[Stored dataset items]
= Beginning of Section =

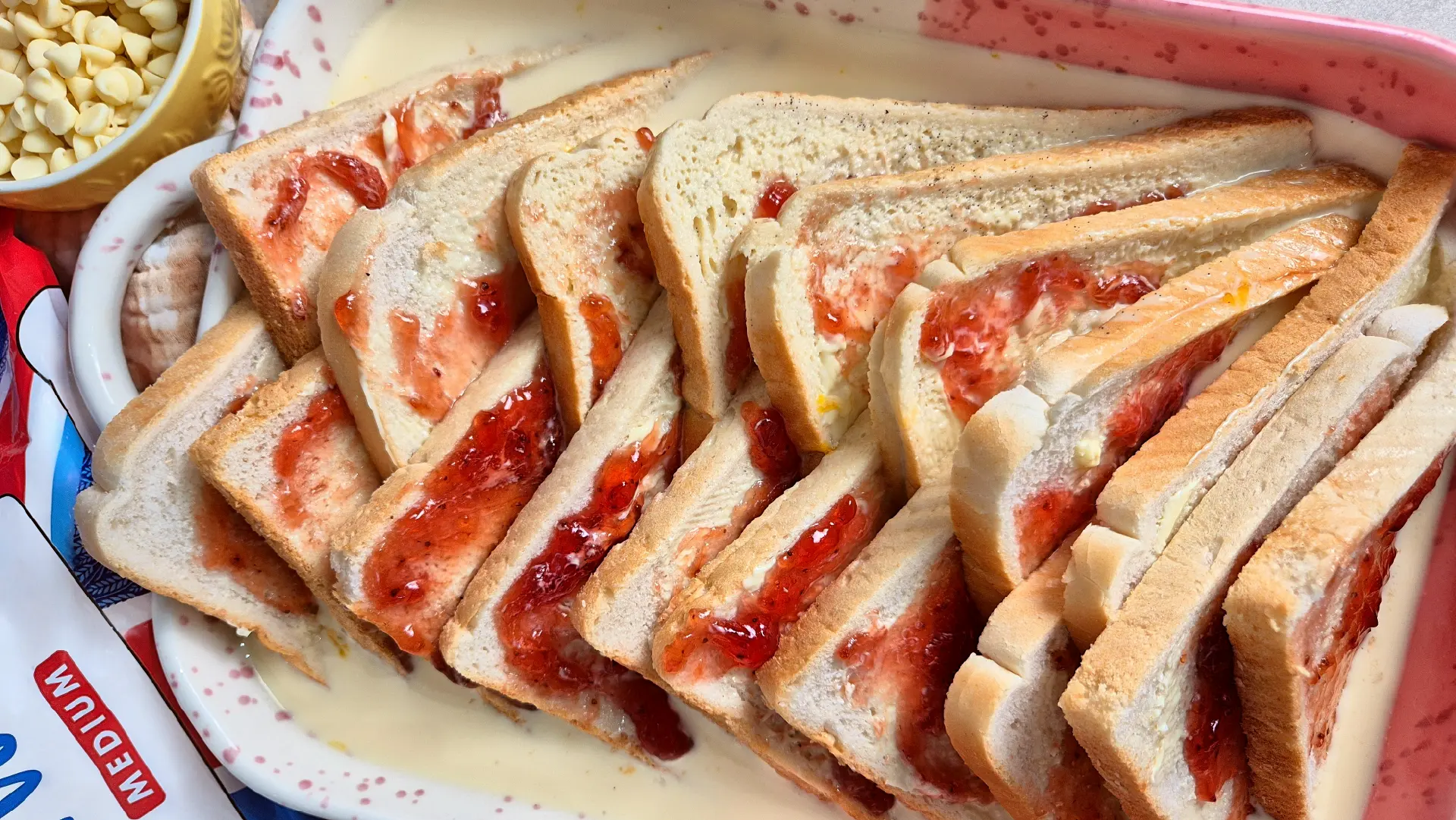 Triangular slices of jam spread bread soaking in a baking dish filled with a light custard mixture.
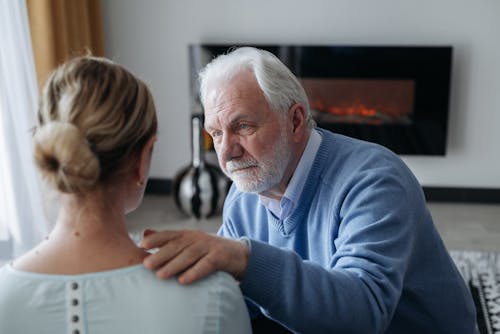 Free Elderly Man Comforting a Woman Stock Photo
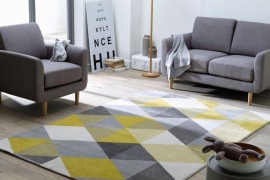 Yellow and gray rug adds a subtle pop of color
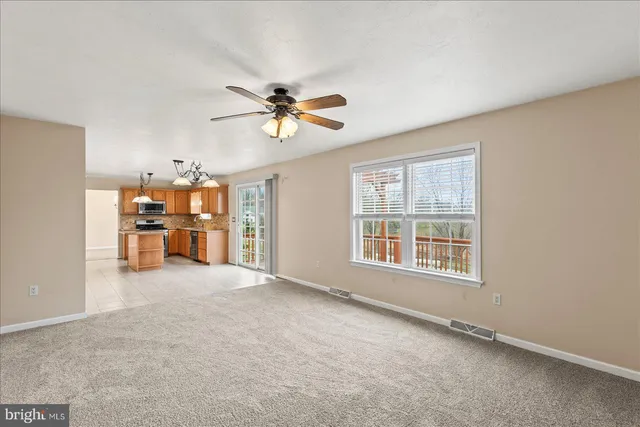 a view of an empty room with chandelier and chandelier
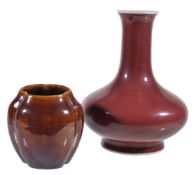 A Chinese copper red vase, of baluster form with cylindrical neck and flared rim, with apocryphal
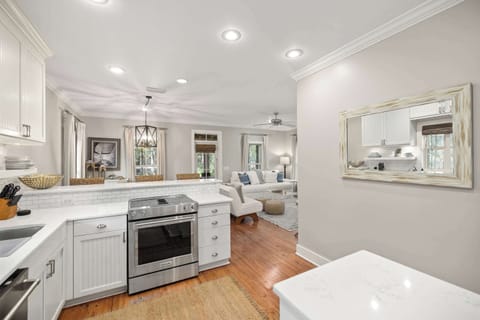 Kitchen: Stainless steel appliances, drip coffee maker, cooking utensils, tableware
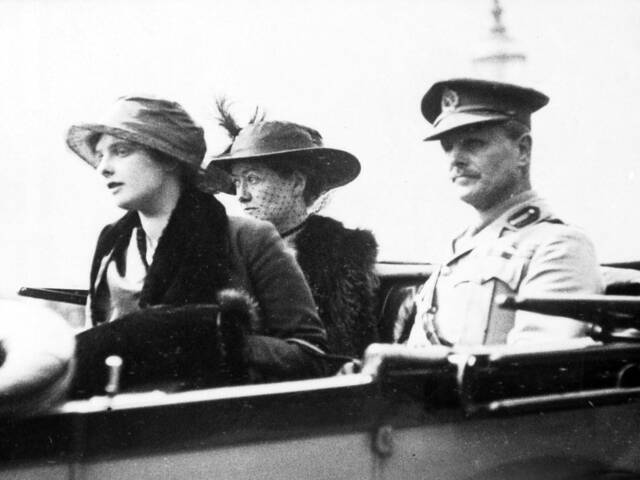 General Sir William Riddell Birdwood with his wife Jeanette and daughter Nancy driving through the city before an Anzac Day march.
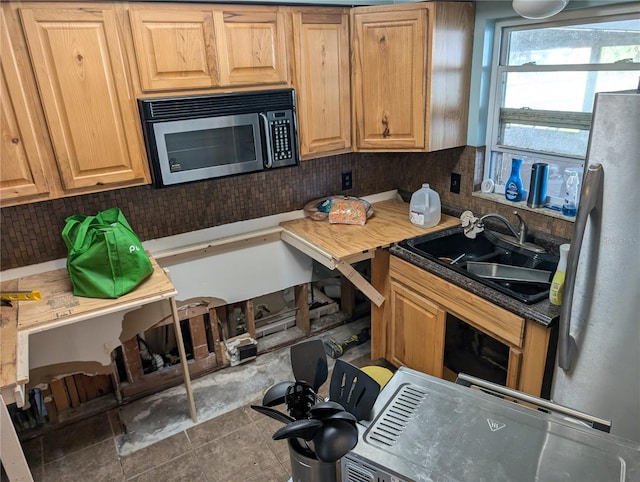 kitchen featuring decorative backsplash, dark tile patterned floors, sink, and appliances with stainless steel finishes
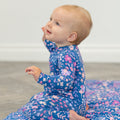Blue floral long-sleeve romper with full-length legs and round neckline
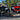 Front comparison of two CFMOTO CForce 600 ATVs showing differences in ride height and stance.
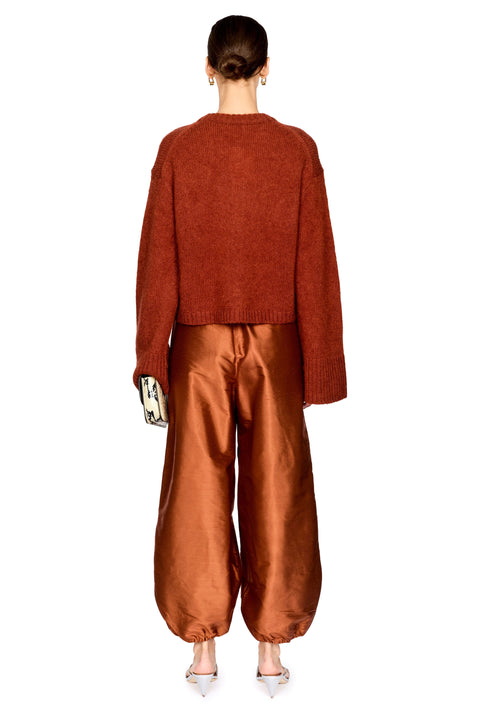 A model shown from the back wearing a textured rust-orange knit sweater and shiny bronze-brown wide-leg pants, paired with silver shoes against a plain white background.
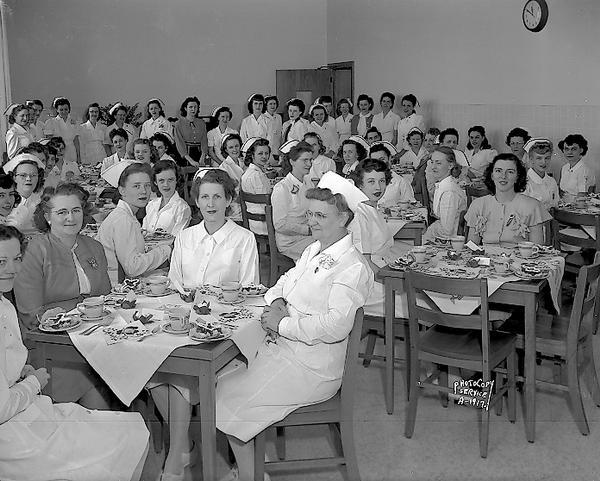 Group portrait of graduate nurses and other women attending a St. Patrick's Day luncheon at St. Mary's Hospital.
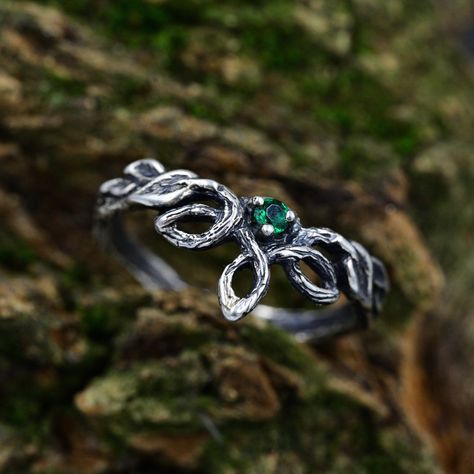 Handcrafted from sterling silver, our Emerald Elven Branch Wedding Ring for women is an enchanting and unique piece that embraces the magic of nature. With intricate details of a branch, vine, and delicate emerald, this fantasy engagement ring captures the essence of an enchanted forest. The silver leaf design adds a touch of elegance to this nature-inspired ring, making it a unique and timeless jewelry piece. Ideal for those seeking an elven aesthetic or a woodland gift. Characteristics: Metal - Recycled solid sterling silver  Stone - Cubic Zirconia Finish - Oxidized. View all silver elven rings: https://www.etsy.com/shop/TinyShinyJewel?ref=seller-platform-mcnav&section_id=47130640 Care instructions: To care for the ring, avoid contact with water and chemicals such as perfumes and lotions Emerald Jewelry Silver, Fantasy Inspired Rings, Enchanted Forest Wedding Rings, Enchanted Forest Ring, Fantasy Rings Aesthetic, Elven Ring Engagement, Forest Engagement Ring, Elven Engagement Ring, Nature Inspired Wedding Rings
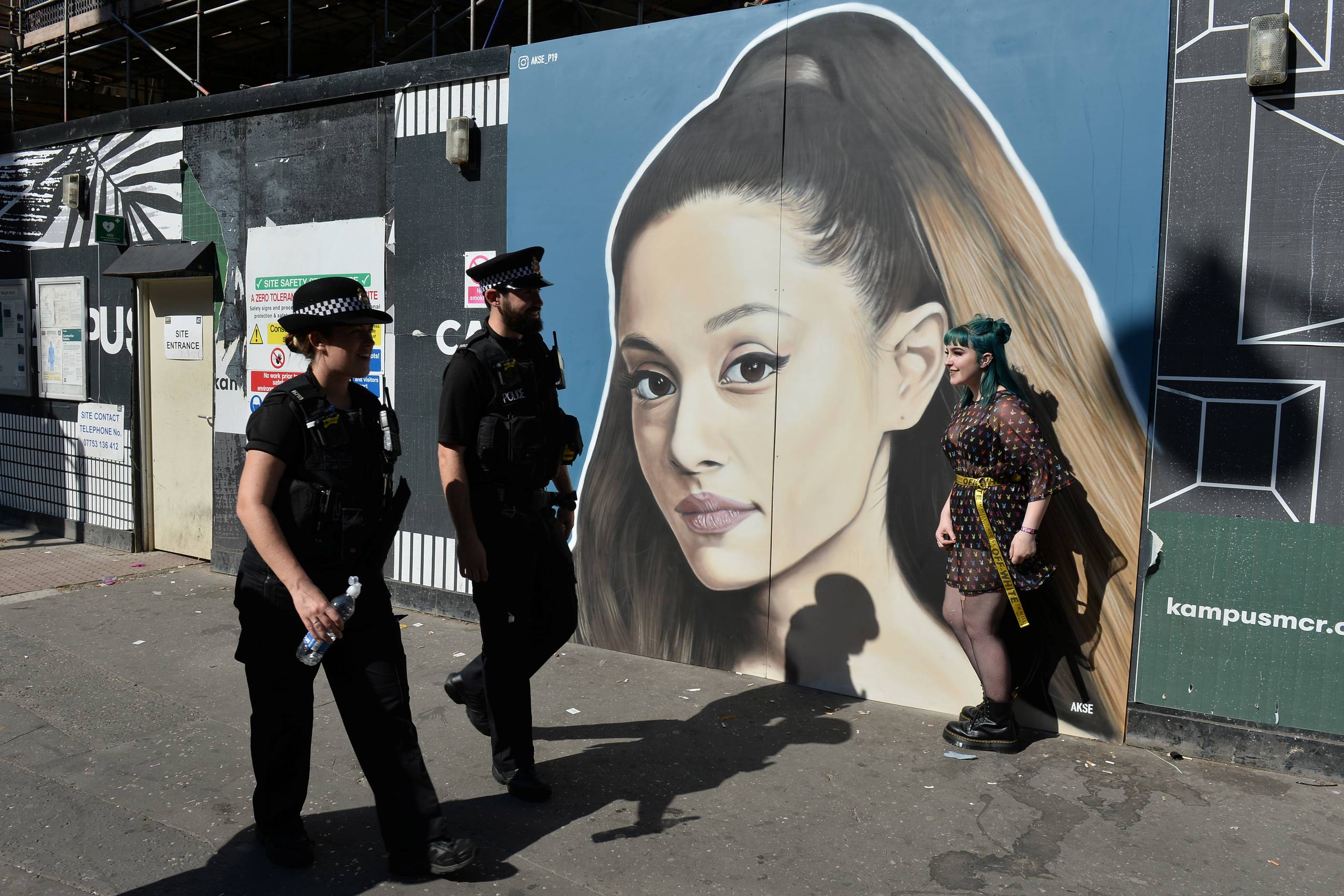 Politibetjente passerer en plakat af Ariana Grande under pridefestivalen i Manchester. Foto: Peter Powell/Reuters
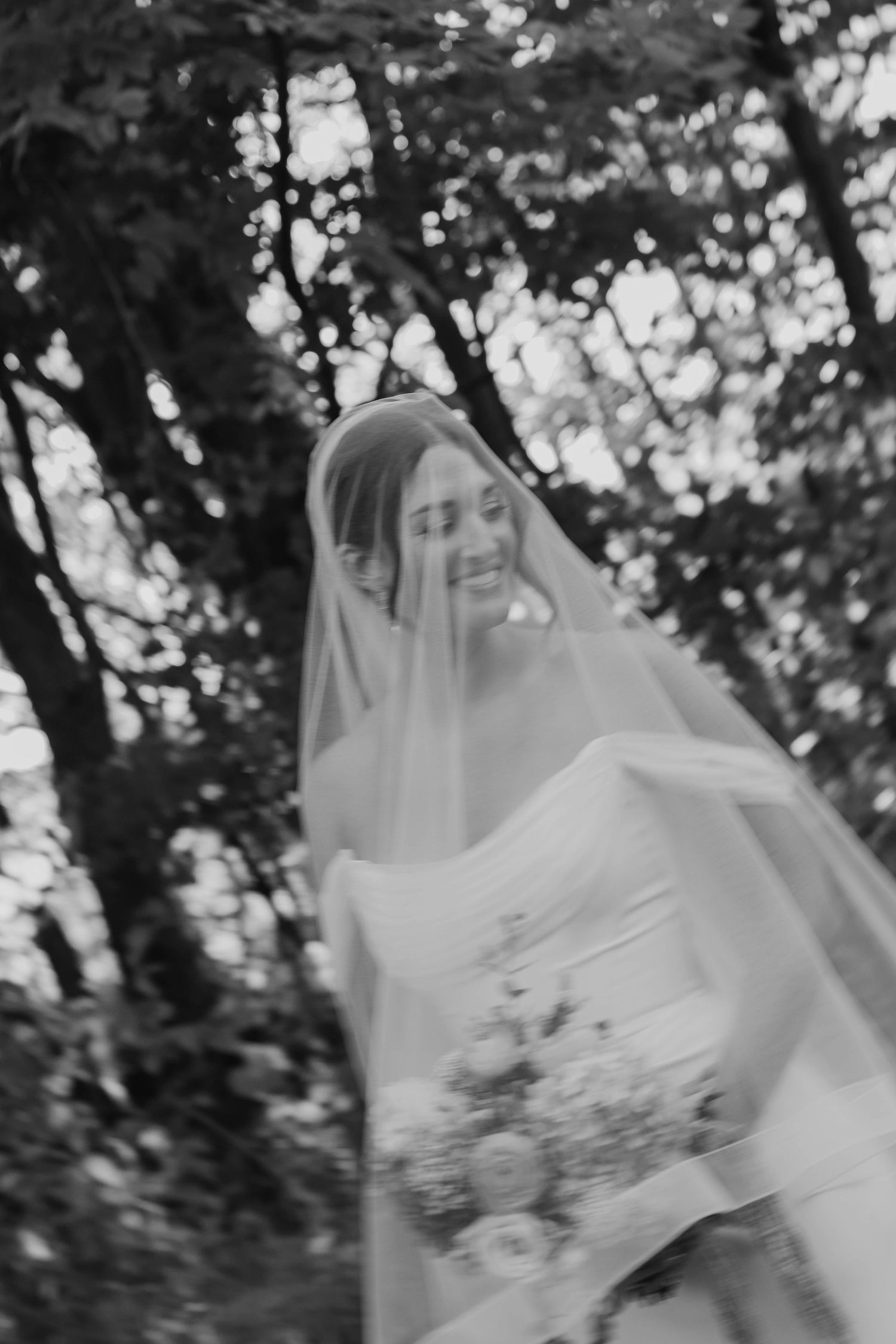 Smiling bride in a flowing veil and strapless gown holds a bouquet among trees in a soft-focus black and white wedding portrait.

= End of Section =

## [Exercise objective]
Copy every line exactly, from the opening line of the entries down to the line holding "Group portrait of", and keep the pictures out.

## [Answer space]
 Triangular slices of jam spread bread soaking in a baking dish filled with a light custard mixture.
 Free Elderly Man Comforting a Woman Stock Photo
 Yellow and gray rug adds a subtle pop of color
 a view of an empty room with chandelier and chandelier
 A Chinese copper red vase, of baluster form with cylindrical neck and flared rim, with apocryphal
 Kitchen: Stainless steel appliances, drip coffee maker, cooking utensils, tableware
 General Sir William Riddell Birdwood with his wife Jeanette and daughter Nancy driving through the city before an Anzac Day march.
 kitchen featuring decorative backsplash, dark tile patterned floors, sink, and appliances with stainless steel finishes
Blue floral long-sleeve romper with full-length legs and round neckline
 Front comparison of two CFMOTO CForce 600 ATVs showing differences in ride height and stance.
 A model shown from the back wearing a textured rust-orange knit sweater and shiny bronze-brown wide-leg pants, paired with silver shoes against a plain white background.
 Group portrait of graduate nurses and other women attending a St. Patrick's Day luncheon at St. Mary's Hospital.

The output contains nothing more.